I think this would be extremely foolhardy. The common number that all those using jumbo frames should support is 9000 bytes (not 9k aka 9216). This would probably need to be a condition of using GigE at the NAP, in order to achieve any kind of common support, and you're eliminating some vendor gige support (assuming their network can even carry the 9k packets TO the nap without requiring even more work and possible problems). Has anyone tested these maximium sized jumbo frames with 802.1q vlan tagging to see exactly how much (or how little) inter-vendor support really exists? -- Richard A Steenbergen <ras@e-gerbil.net> http://www.e-gerbil.net/humble PGP Key ID: 0x138EA177 (67 29 D7 BC E8 18 3E DA B2 46 B3 D8 14 36 FE B6)

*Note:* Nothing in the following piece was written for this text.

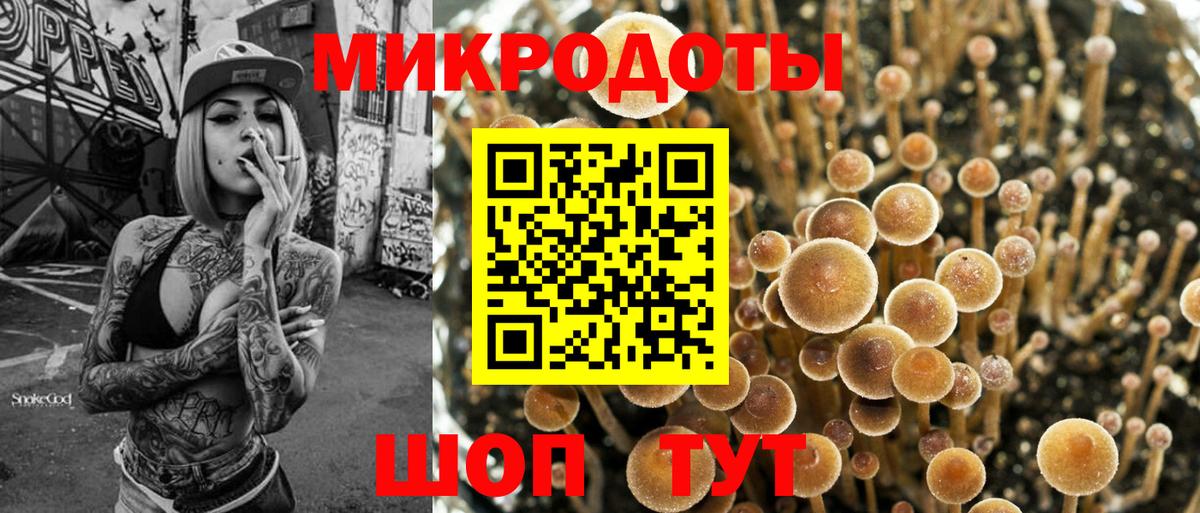 Галлюциногенные грибы прущие грибы Лениногорск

Just to clarify, when folks talk about 9k MTUs, they gnerally mean 8940 bytes. That is, twice the MTU for FDDI and DS3. It seems to me that if the MTU is going to be increased at some point that working in multiples is the right way to go about it. On Fri, Jun 16, 2000 at 10:46:13PM -0400, Richard A. Steenbergen wrote:
I think this would be extremely foolhardy. The common number that all those using jumbo frames should support is 9000 bytes (not 9k aka 9216).

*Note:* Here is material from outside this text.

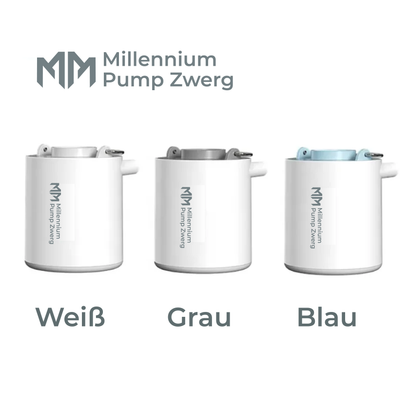 Pump Zwerg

---------------------------------------------------------------------- Wayne Bouchard [Immagine Your ] web@typo.org [Company Name Here] Network Engineer http://www.typo.org/~web/resume.html ----------------------------------------------------------------------

On Fri, 16 Jun 2000, Wayne Bouchard wrote:
Just to clarify, when folks talk about 9k MTUs, they gnerally mean 8940 bytes. That is, twice the MTU for FDDI and DS3. It seems to me that if the MTU is going to be increased at some point that working in multiples is the right way to go about it.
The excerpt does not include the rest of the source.